━━━ Given records

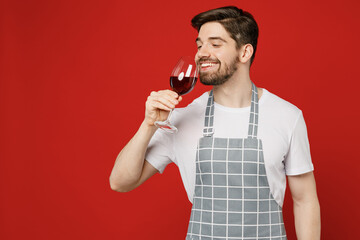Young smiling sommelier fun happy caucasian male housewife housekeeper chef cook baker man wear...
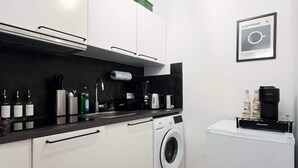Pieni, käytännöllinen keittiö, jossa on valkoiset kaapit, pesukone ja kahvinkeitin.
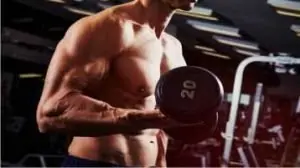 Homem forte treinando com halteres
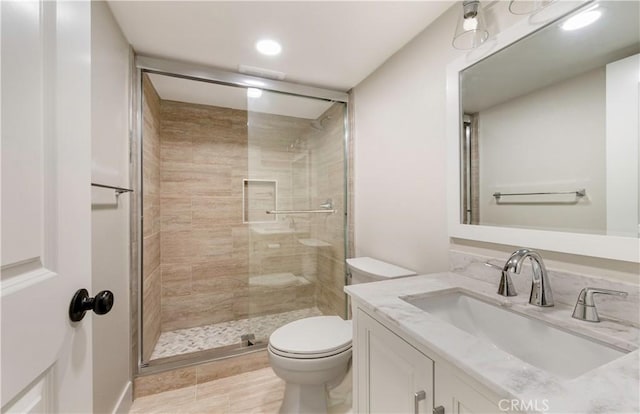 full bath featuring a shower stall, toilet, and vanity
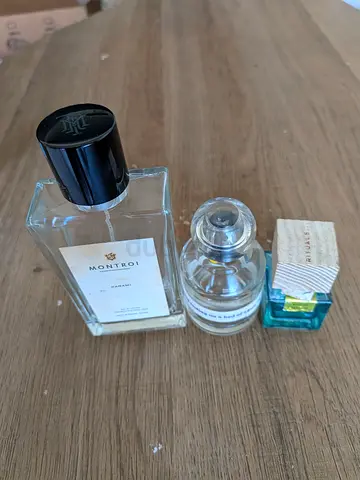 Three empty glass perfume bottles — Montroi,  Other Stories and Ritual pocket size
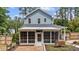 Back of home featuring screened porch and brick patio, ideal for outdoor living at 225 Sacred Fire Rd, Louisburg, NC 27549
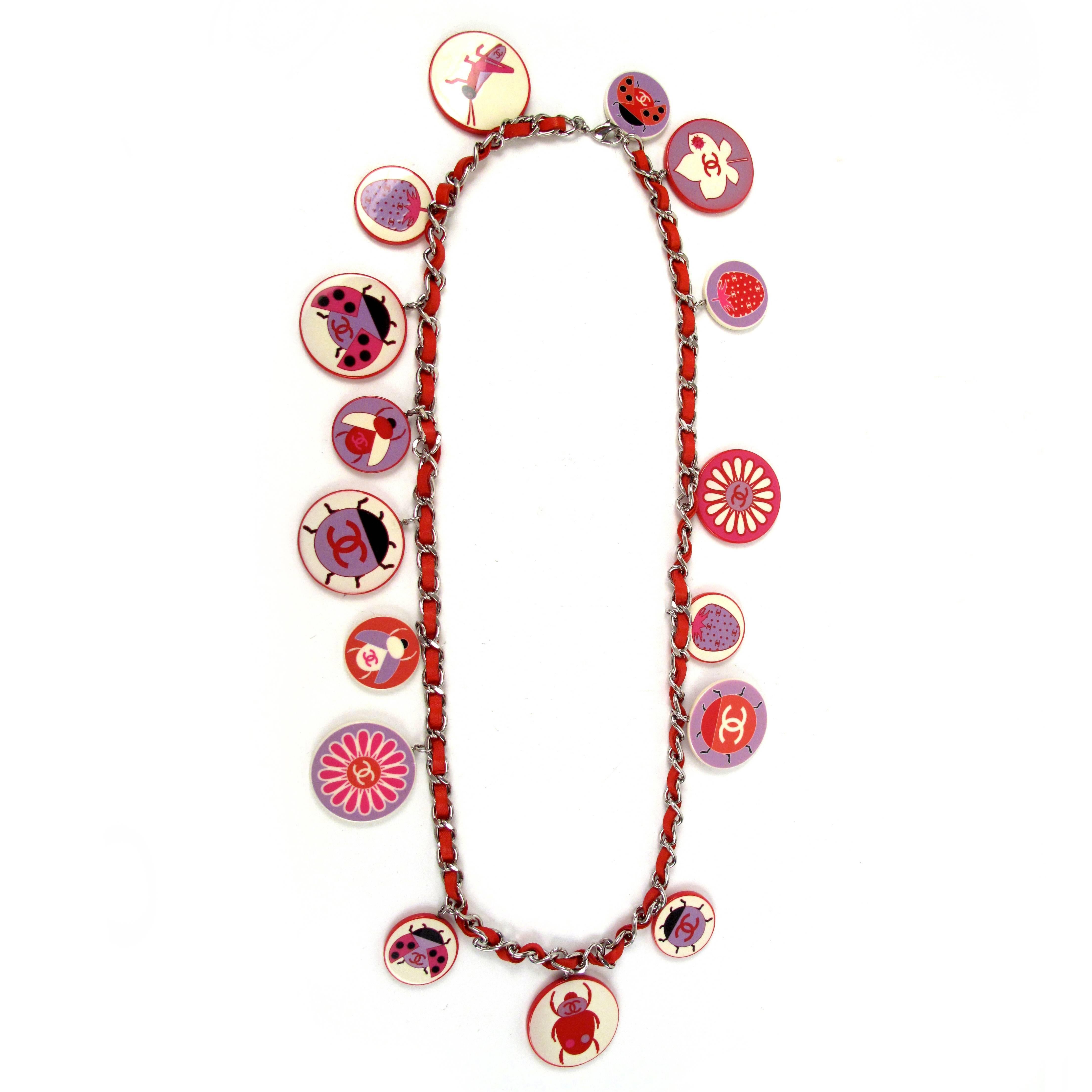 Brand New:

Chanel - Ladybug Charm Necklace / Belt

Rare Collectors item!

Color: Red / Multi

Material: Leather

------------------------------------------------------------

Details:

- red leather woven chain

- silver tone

━━━━━━

* _Required action_:
From the line with "full bath featuring" to the last line of the material, both inclusive, set down every line exactly and nothing else; omit pictures.

* _Answer box_:
 full bath featuring a shower stall, toilet, and vanity
 Three empty glass perfume bottles — Montroi,  Other Stories and Ritual pocket size
 Back of home featuring screened porch and brick patio, ideal for outdoor living at 225 Sacred Fire Rd, Louisburg, NC 27549
 Brand New:

Chanel - Ladybug Charm Necklace / Belt

Rare Collectors item!

Color: Red / Multi

Material: Leather

------------------------------------------------------------

Details:

- red leather woven chain

- silver tone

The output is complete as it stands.